- **THE TASK**
The result should be the lines from the one that contains "19 Nature Way Kiamesha Lake NY 12751" to the final line of the entries below, copied exactly and with no pictures.

- **AVAILABLE DATA**
▼
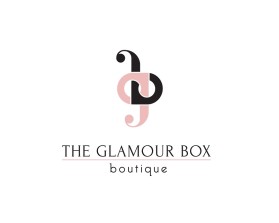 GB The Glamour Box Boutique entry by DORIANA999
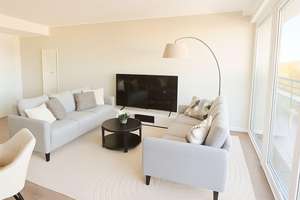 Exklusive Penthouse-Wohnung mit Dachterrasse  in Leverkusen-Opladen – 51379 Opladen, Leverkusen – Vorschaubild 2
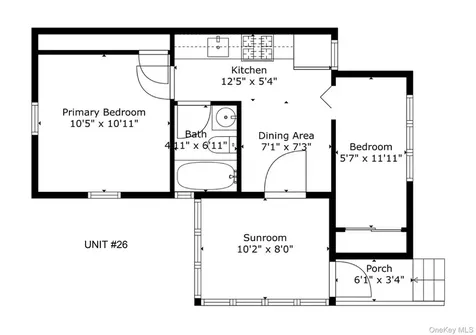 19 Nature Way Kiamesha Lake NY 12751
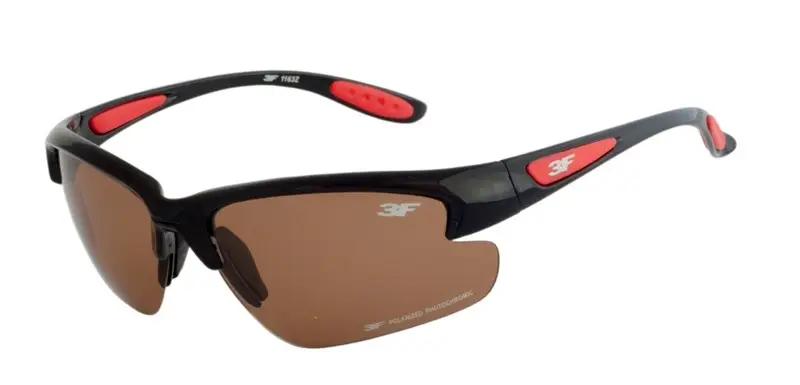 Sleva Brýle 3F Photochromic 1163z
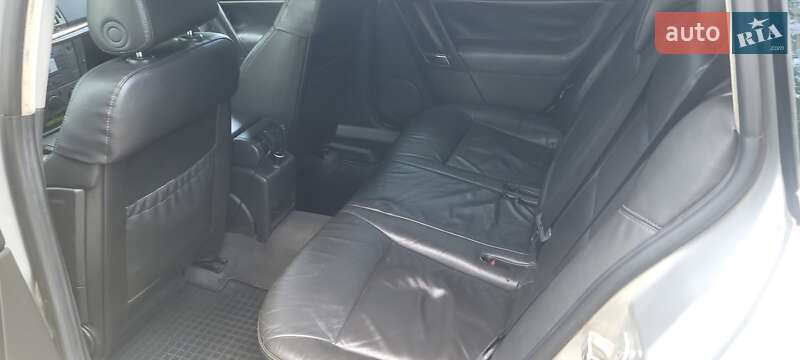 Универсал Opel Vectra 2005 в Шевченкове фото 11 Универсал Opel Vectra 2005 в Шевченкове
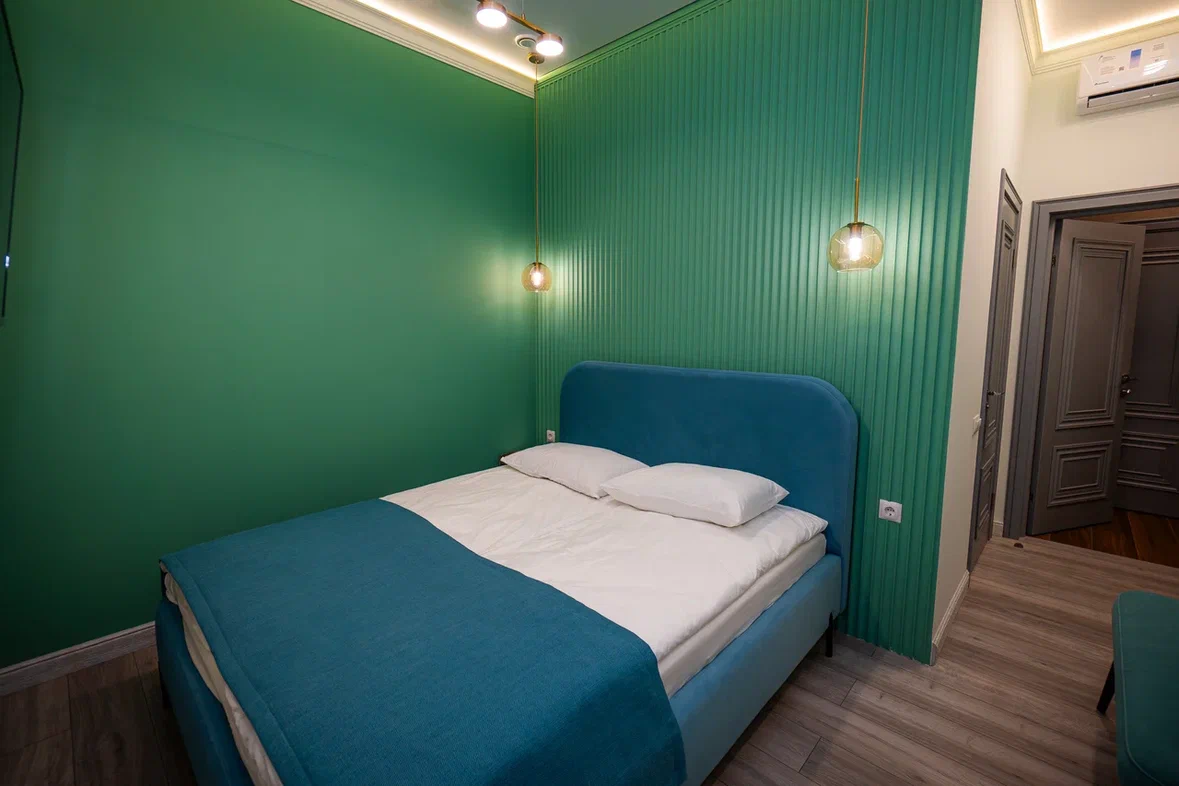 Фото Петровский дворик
▲
- **RESPONSE**
 19 Nature Way Kiamesha Lake NY 12751
 Sleva Brýle 3F Photochromic 1163z
 Универсал Opel Vectra 2005 в Шевченкове фото 11 Универсал Opel Vectra 2005 в Шевченкове
 Фото Петровский дворик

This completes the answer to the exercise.